Primo Levi al Sud
A proposito delle “contine”, il
sorteggio attraverso la conta che presiede(va) ai giochi infantili, Primo Levi
le trova, nel repertorio “Children’s Games” di Iona e Roger Opie, “diffuse in
tutto l’impero britannico” ma di origine non inglese ma gallese, e derivate
dalla “serie dei numerali, probabilmente preceltica, che usavano in tempi
remoti i mandriani del Galles unicamente per contare i capi di bestiame”
(“L’internazionale dei bambini”, un articolo poi confluito nella raccolta
“L’altrui mestiere”). E aggiunge: “A quanto pare, usavano quella, e non la
numerazione ordinaria, a scopo apotropaico, affinché cioè gli spiriti del male
non comprendessero”, e magari sottraessero “qualche bestia, per furto o malattia”.
Bidussa,
Belpoliti, Federico Pianzola, Angela Di Fazio, Enrico Mattioda, un po’ tutti gli innumerevoli studiosi che ne
analizzano l’opera, sono attratti dai riferimenti in Primo Levi a questa
funzione che si attribuisce a oggetti o formule di tenere a bada gli spiriti
del male invidiosi.

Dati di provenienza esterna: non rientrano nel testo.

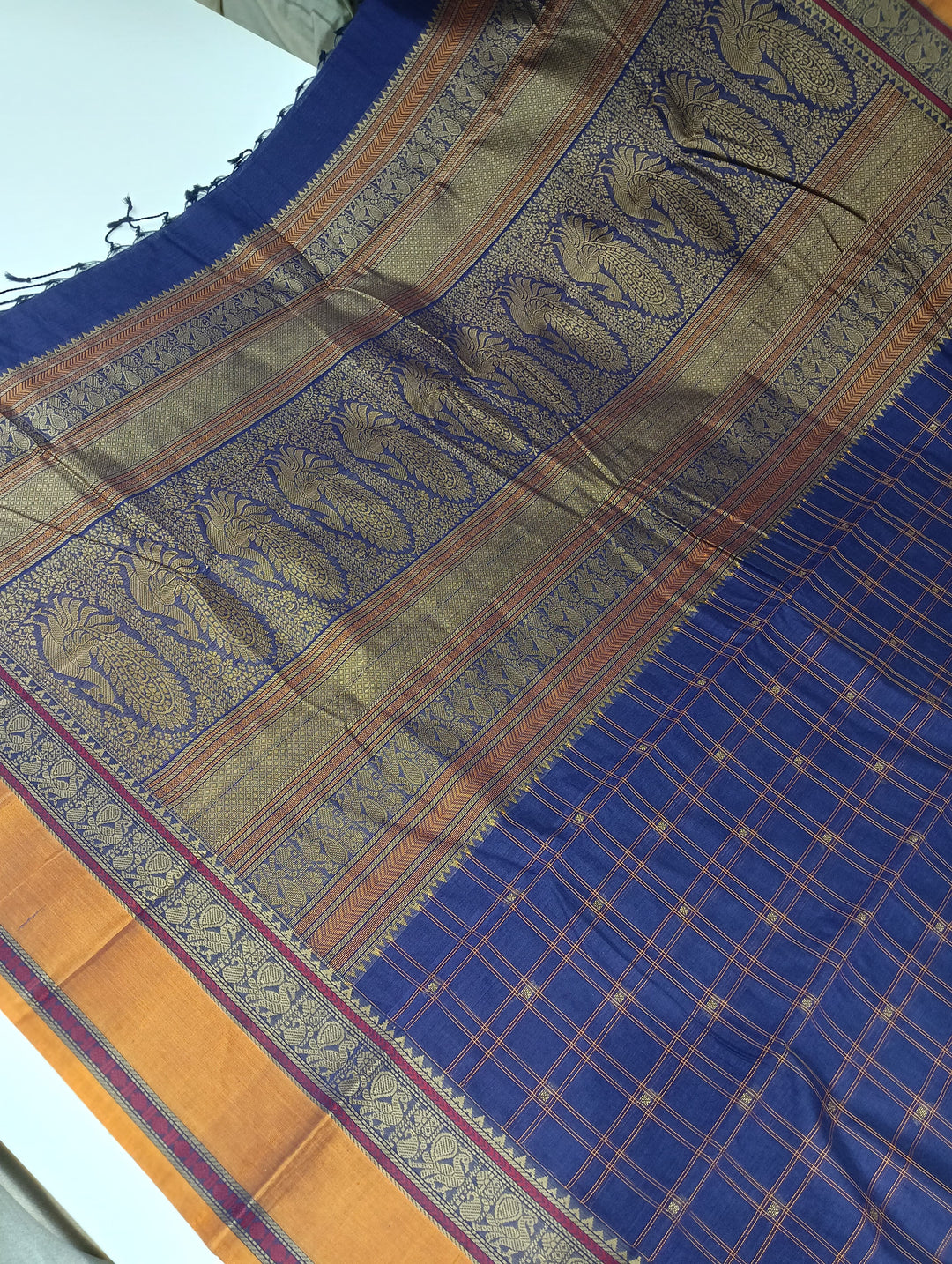 Kanchi cotton saree - D9729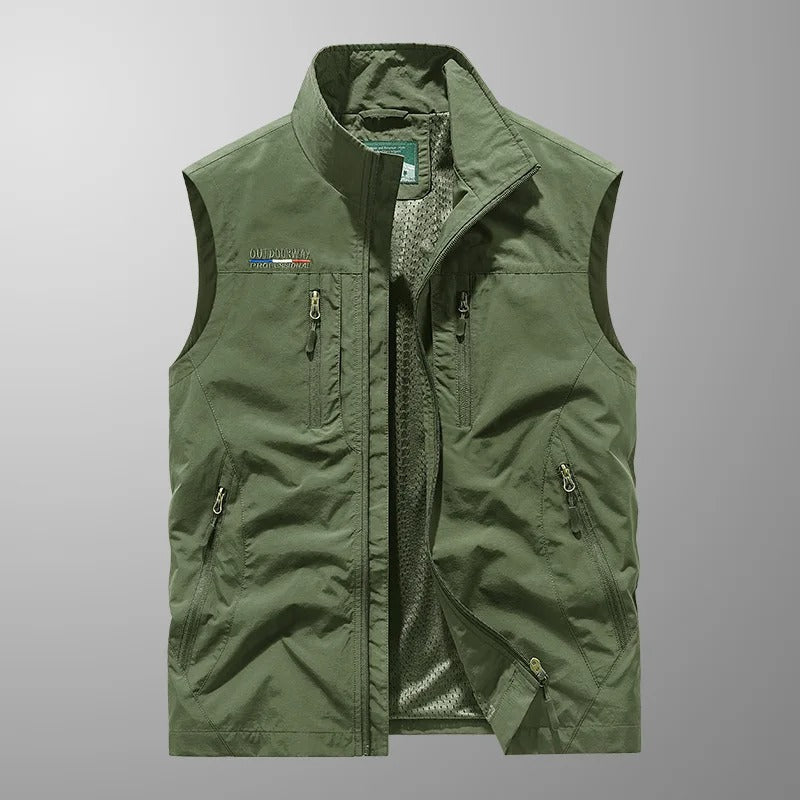 Bo™ | Breathable Cargo Bodywarmer with Multiple Pockets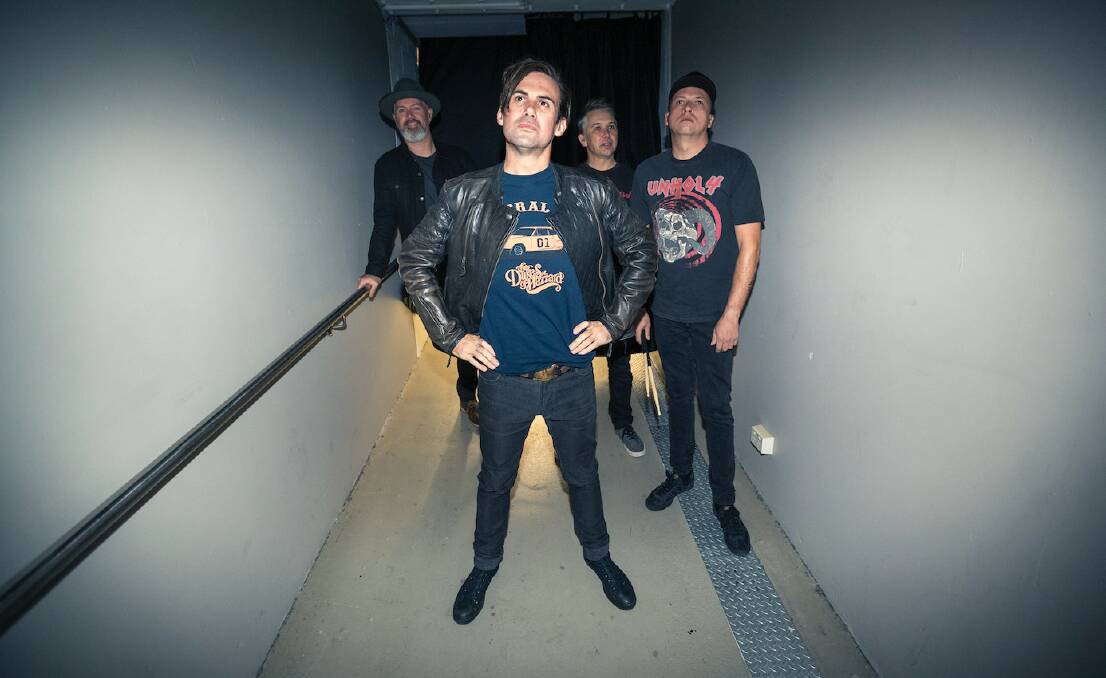 Aussie rockers: Grinspoon bring their Chemical Hearts tour to Waves at Towradgi Beach Hotel on Saturday night.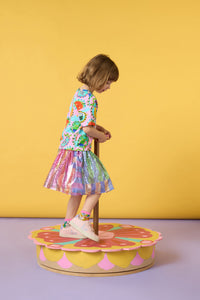 Gorman NZ - Stripe Mix Kids Sequins Skirt - multi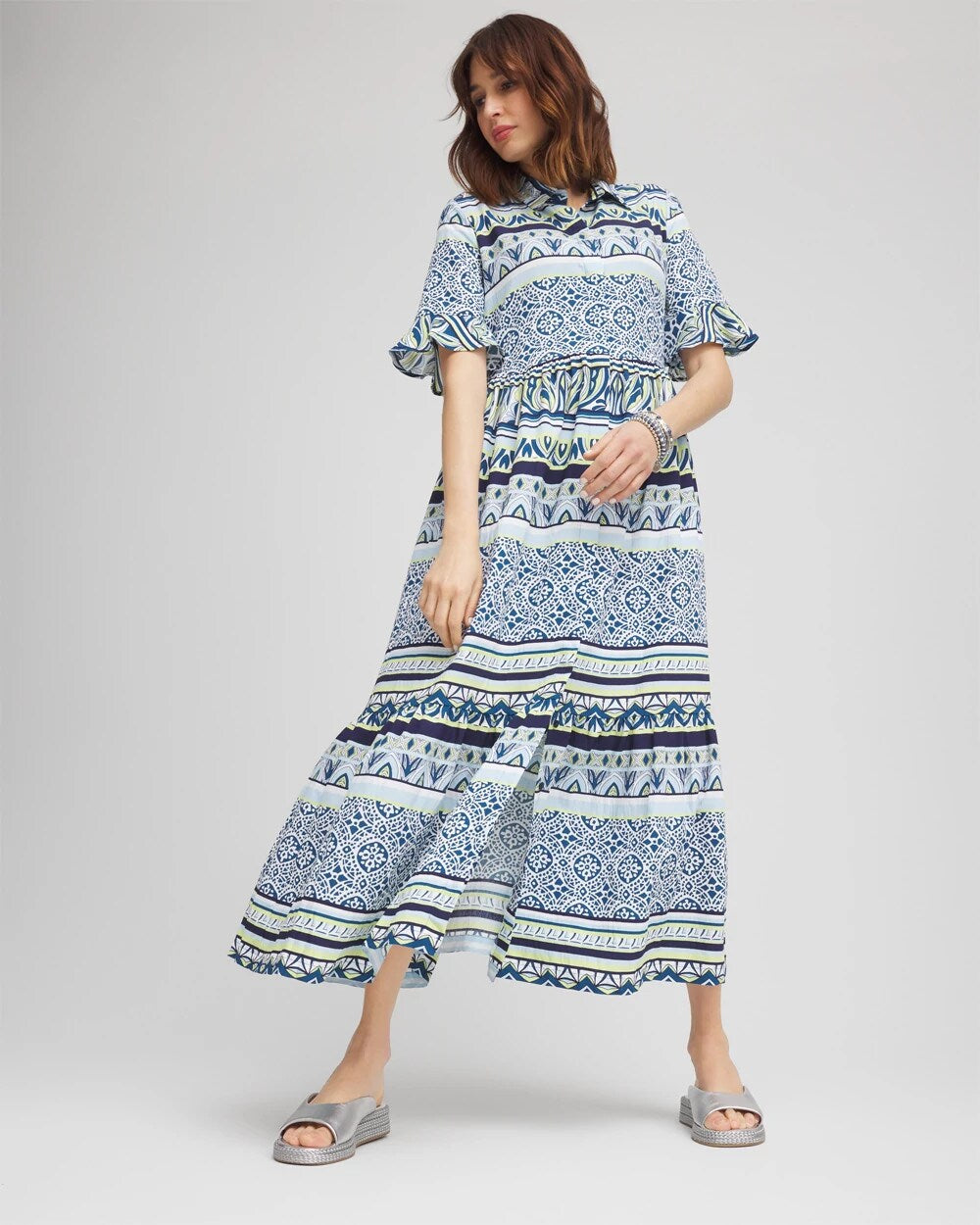 Fly Front Ankle Pants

Altrove Levi ricorda che per vent’anni sulla porta d’ingresso della casa della vita, dei
genitori prima e poi sua, insieme a un ferro di cavallo a scopo notoriamente apotropaico
trovato dallo zio Corrado, ha penzolato da un chiodo una grossa chiave “di cui
tutti avevano dimenticato la destinazione ma che nessuno osava gettare via”.
Da ultimo, scrivendo
grato a Einaudi nel gennaio 1987, poco prima quindi del suicidio, che aveva
manifestato l’intenzione di ristampare la raccolta “Vizio di forma”, cui Levi
temeva ma era stata la meno fortunata di tutte le sue opere, spiegava
scherzoso: “Quanto a «Ottima è l’acqua»”, un racconto fantascientifico
della raccolta, “poco dopo la sua pubblicazione lo «Scientific American» ha riportato la notizia, di fonte sovietica, di
una «poliacqua» viscosa e tossica, simile per molti versi a quella da me
anticipata: per fortuna di tutti, le esperienze relative si sono dimostrate non
riproducibili e tutto è finito in fumo. Mi lusinga il pensiero che questa mia
lugubre invenzione abbia avuto un effetto retroattivo e apotropaico” – e
continuava: “Si rassicuri quindi il lettore: l’acqua, magari inquinata, non
diventerà mai viscosa, e tutti i mari conserveranno le loro onde”.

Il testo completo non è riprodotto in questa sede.